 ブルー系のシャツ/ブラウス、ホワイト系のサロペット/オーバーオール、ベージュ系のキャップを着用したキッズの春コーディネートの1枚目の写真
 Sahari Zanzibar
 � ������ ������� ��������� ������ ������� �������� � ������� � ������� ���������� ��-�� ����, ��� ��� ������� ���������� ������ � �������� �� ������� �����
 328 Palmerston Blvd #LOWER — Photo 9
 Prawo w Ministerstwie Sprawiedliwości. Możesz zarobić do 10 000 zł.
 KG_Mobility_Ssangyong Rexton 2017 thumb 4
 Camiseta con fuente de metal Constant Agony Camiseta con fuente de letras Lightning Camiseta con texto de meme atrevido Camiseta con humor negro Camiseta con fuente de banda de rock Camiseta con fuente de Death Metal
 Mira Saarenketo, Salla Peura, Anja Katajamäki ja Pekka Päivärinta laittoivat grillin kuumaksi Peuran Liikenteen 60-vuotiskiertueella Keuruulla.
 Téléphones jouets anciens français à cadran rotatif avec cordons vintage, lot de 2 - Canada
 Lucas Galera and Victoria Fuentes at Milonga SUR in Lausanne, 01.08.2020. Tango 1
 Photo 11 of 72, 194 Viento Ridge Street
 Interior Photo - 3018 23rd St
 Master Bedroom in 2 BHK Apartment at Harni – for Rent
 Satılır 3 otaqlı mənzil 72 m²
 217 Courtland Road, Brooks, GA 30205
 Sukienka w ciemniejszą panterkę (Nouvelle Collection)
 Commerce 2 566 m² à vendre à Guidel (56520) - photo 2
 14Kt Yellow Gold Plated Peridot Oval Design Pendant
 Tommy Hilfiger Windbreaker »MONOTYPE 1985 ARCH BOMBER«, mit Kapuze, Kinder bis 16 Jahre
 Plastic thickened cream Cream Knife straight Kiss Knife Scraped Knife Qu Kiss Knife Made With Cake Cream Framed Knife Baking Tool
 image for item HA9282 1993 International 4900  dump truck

_ _ _ _

What is being asked:
Copy out each line of the material above, word for word, from the first down to the line containing "Plastic thickened cream". Add nothing.

Output of the task:
 ブルー系のシャツ/ブラウス、ホワイト系のサロペット/オーバーオール、ベージュ系のキャップを着用したキッズの春コーディネートの1枚目の写真
 Sahari Zanzibar
 � ������ ������� ��������� ������ ������� �������� � ������� � ������� ���������� ��-�� ����, ��� ��� ������� ���������� ������ � �������� �� ������� �����
 328 Palmerston Blvd #LOWER — Photo 9
 Prawo w Ministerstwie Sprawiedliwości. Możesz zarobić do 10 000 zł.
 KG_Mobility_Ssangyong Rexton 2017 thumb 4
 Camiseta con fuente de metal Constant Agony Camiseta con fuente de letras Lightning Camiseta con texto de meme atrevido Camiseta con humor negro Camiseta con fuente de banda de rock Camiseta con fuente de Death Metal
 Mira Saarenketo, Salla Peura, Anja Katajamäki ja Pekka Päivärinta laittoivat grillin kuumaksi Peuran Liikenteen 60-vuotiskiertueella Keuruulla.
 Téléphones jouets anciens français à cadran rotatif avec cordons vintage, lot de 2 - Canada
 Lucas Galera and Victoria Fuentes at Milonga SUR in Lausanne, 01.08.2020. Tango 1
 Photo 11 of 72, 194 Viento Ridge Street
 Interior Photo - 3018 23rd St
 Master Bedroom in 2 BHK Apartment at Harni – for Rent
 Satılır 3 otaqlı mənzil 72 m²
 217 Courtland Road, Brooks, GA 30205
 Sukienka w ciemniejszą panterkę (Nouvelle Collection)
 Commerce 2 566 m² à vendre à Guidel (56520) - photo 2
 14Kt Yellow Gold Plated Peridot Oval Design Pendant
 Tommy Hilfiger Windbreaker »MONOTYPE 1985 ARCH BOMBER«, mit Kapuze, Kinder bis 16 Jahre
 Plastic thickened cream Cream Knife straight Kiss Knife Scraped Knife Qu Kiss Knife Made With Cake Cream Framed Knife Baking Tool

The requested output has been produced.